> **Dataset records**:

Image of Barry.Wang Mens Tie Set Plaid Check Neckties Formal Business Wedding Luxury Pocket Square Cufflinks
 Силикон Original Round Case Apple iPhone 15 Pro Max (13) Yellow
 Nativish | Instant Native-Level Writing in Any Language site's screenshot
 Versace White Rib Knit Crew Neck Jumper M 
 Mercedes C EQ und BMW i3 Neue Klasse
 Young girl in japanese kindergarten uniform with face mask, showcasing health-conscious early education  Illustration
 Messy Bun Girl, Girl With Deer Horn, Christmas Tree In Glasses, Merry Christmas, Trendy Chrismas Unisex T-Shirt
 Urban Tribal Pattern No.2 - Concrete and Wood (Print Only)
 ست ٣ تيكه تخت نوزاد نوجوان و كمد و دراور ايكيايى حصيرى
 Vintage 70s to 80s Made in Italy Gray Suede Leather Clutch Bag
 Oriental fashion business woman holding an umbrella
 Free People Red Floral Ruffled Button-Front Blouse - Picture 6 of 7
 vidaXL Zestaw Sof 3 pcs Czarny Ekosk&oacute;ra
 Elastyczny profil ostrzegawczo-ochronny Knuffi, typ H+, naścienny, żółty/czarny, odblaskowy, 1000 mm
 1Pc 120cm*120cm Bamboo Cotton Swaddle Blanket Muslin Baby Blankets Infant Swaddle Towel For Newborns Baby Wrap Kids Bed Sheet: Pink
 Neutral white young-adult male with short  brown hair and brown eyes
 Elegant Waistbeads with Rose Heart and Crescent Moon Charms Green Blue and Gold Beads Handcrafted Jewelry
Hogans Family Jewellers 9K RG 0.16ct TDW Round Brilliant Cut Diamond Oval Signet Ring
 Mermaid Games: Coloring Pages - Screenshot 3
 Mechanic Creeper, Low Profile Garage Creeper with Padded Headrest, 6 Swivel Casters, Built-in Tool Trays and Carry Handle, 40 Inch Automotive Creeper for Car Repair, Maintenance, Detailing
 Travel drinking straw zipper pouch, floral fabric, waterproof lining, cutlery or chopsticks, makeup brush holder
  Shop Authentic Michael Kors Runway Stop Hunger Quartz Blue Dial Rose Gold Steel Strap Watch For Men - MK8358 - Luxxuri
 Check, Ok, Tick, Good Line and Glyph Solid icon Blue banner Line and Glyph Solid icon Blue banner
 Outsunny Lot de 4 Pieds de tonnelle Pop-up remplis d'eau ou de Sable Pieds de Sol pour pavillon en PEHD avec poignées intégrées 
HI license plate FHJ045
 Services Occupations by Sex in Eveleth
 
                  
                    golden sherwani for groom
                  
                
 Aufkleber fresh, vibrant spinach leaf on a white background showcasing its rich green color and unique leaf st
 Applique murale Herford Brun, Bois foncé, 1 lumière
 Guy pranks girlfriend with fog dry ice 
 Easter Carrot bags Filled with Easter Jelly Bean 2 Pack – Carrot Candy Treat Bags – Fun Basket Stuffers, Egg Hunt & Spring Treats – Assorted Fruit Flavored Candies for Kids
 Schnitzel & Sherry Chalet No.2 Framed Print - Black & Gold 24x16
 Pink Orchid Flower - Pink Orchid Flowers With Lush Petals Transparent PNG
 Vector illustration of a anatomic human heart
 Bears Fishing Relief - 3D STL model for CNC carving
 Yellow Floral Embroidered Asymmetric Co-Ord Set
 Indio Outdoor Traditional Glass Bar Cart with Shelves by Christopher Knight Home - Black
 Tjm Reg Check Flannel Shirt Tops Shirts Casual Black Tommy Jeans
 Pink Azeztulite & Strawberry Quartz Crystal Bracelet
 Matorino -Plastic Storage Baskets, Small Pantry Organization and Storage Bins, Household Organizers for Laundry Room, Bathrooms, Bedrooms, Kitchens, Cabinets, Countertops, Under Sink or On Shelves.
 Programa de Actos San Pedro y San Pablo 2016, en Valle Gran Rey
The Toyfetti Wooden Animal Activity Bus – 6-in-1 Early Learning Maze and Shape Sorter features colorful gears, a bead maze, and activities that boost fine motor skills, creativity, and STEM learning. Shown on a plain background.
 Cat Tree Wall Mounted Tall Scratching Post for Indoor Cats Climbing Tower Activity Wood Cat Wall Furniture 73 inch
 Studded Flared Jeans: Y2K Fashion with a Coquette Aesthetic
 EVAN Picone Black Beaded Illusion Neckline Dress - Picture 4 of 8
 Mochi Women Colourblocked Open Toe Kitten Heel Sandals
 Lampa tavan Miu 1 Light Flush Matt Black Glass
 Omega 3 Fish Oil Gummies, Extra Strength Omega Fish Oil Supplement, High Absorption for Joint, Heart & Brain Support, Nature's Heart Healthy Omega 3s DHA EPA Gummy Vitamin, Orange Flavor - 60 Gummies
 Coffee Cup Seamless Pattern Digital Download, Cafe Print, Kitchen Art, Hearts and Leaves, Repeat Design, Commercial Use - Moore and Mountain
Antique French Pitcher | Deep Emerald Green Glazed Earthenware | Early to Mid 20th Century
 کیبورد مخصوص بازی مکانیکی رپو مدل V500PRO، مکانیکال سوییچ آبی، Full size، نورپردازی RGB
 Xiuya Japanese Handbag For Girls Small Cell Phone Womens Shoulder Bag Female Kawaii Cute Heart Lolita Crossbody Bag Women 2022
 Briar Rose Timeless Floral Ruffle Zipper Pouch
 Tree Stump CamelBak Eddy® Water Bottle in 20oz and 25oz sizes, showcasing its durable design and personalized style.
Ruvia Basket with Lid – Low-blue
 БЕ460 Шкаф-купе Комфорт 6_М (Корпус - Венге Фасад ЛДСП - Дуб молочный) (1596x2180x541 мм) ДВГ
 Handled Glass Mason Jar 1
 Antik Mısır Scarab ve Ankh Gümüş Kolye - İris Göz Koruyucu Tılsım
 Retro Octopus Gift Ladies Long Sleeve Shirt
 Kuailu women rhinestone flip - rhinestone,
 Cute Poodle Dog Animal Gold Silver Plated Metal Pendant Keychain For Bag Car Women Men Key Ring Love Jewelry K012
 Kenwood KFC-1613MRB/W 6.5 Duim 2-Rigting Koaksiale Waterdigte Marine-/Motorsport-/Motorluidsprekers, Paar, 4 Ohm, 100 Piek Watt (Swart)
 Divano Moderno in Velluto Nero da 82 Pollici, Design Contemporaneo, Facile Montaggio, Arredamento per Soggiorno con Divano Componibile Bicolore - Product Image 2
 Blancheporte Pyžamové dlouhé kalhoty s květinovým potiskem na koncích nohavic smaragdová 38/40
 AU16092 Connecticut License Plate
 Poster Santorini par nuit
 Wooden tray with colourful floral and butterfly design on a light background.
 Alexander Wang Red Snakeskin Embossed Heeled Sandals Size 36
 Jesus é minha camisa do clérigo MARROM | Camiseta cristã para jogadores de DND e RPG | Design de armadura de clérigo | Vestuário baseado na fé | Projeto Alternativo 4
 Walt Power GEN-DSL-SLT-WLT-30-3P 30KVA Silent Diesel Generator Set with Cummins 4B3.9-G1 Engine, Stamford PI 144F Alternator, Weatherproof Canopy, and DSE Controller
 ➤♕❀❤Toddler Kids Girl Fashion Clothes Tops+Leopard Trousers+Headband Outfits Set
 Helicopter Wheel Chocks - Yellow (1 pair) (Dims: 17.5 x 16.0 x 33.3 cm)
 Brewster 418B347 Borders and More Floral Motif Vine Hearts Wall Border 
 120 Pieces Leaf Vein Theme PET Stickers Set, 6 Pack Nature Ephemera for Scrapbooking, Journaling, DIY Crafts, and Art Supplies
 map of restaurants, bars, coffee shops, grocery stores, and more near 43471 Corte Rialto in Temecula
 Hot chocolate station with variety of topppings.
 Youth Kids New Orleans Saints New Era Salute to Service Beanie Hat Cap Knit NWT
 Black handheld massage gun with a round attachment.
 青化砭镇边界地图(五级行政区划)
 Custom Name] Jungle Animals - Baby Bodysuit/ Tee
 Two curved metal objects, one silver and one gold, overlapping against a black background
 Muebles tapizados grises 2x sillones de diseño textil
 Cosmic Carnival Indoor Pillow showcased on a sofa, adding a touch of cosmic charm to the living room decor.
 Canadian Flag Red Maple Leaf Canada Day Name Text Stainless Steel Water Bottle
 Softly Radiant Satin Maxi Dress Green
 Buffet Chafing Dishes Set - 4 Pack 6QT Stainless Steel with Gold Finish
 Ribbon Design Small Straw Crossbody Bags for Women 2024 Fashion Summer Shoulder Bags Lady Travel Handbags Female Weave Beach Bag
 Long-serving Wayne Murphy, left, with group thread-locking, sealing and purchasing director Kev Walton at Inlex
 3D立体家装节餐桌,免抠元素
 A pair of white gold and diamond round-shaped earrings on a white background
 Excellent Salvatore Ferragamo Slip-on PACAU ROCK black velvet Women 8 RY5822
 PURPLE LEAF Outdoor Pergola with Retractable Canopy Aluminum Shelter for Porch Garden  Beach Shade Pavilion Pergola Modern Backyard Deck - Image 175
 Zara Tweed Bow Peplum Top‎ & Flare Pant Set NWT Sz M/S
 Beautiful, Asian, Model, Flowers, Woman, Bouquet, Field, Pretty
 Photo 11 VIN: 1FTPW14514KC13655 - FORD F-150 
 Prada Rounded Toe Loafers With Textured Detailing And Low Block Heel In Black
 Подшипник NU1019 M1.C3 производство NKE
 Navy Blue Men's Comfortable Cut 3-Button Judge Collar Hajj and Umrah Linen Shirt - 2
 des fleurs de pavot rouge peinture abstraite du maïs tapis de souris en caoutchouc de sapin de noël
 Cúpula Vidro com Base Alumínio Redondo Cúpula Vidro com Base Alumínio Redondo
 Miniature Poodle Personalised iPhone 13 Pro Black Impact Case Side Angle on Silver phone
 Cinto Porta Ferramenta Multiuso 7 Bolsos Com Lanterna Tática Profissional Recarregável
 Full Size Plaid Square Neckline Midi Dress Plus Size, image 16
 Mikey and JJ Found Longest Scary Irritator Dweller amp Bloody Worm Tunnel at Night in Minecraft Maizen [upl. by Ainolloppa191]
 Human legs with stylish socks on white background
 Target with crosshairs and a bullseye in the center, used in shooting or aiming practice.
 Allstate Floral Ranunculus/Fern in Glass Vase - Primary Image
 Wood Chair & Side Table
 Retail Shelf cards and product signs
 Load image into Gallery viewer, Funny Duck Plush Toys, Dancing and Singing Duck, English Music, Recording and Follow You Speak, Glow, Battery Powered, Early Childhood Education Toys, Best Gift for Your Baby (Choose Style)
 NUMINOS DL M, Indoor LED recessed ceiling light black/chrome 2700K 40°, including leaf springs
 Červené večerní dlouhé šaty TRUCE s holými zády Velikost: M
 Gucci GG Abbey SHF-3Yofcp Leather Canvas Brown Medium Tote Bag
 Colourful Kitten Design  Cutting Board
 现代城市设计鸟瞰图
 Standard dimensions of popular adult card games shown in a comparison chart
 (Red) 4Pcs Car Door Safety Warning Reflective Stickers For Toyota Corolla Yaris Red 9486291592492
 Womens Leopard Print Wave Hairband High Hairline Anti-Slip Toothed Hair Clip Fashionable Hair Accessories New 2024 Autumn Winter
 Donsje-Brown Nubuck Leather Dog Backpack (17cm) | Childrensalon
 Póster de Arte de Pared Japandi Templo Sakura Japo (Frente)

> **What the task asks**:
Extract exactly the leading lines of the data, stopping at and including the line with "Versace White Rib Knit Crew Neck Jumper M".

> **Answer section**:
Image of Barry.Wang Mens Tie Set Plaid Check Neckties Formal Business Wedding Luxury Pocket Square Cufflinks
 Силикон Original Round Case Apple iPhone 15 Pro Max (13) Yellow
 Nativish | Instant Native-Level Writing in Any Language site's screenshot
 Versace White Rib Knit Crew Neck Jumper M 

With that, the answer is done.